5. Here we are splitting the dataset into testing and training dataset.

from sklearn.model_selection import train_test_split#importing the train test split
 
X_train, X_test, y_train, y_test = train_test_split(X, y, random_state=1, stratify=y)#dividing the dataset into training, testing

6. Here we are defining our Random Forest Classifier model and we are scaling the data. After this, we are training the dataset and we are fitting our training dataset.

 
from sklearn.preprocessing import StandardScaler
 
scaler = StandardScaler() #creating an instance of standard scalar
X_scaler = scaler.fit(X_train)#here we are fitting our x dataset 
X_train_scaled = X_scaler.transform(X_train)#here we are transforming the dataset
X_test_scaled = X_scaler.transform(X_test)#here we are transforming the dataset
 
from imblearn.ensemble import BalancedRandomForestClassifier#improting the balanced Random Forest Classifier
 
brfc = BalancedRandomForestClassifier(n_estimators =1000, random_state=1)#creating an instance of balanced forest classifier
model = brfc.fit(X_train_scaled, y_train)#fitting the model with the dataset

7. Here we are calculating the balanced accuracy score.

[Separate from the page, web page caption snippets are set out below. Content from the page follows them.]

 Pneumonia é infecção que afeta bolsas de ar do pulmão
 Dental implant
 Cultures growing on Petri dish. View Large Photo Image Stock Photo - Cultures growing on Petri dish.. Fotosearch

predictions = model.predict(X_test_scaled) #here we are passing the dataset and we are predicting the model 
accuracy_score(y_test, predictions)#calculating the accuracy score 
 
confusion_matrix(y_test, predictions) printing the confusion matrix

8. Here we are creating the easy ensemble classifier and then we are calculating the balanced accuracy score.

from imblearn.ensemble import EasyEnsembleClassifier
 
model = EasyEnsembleClassifier(base_estimator=None, n_estimators=100, n_jobs=1,)#here we are creating an instance of easy ensemble classifier
 
model.fit(X_train_scaled, y_train) #here we are fitting our moel with the dataset
 
predictions = model.predict(X_test_scaled)#predicting the value of the testing dataset
balanced_accuracy_score(y_test, predictions)#calculating the balanced accuracy score
 
confusion_matrix(y_test, predictions)#printing the confusion matrix

Consumer Credit Risk Prediction Output

Summary

We built a credit risk prediction system machine learning project. We have used Random Forest Classifier and an easy ensemble classifier model for this project. We hope you have learned something new from this project.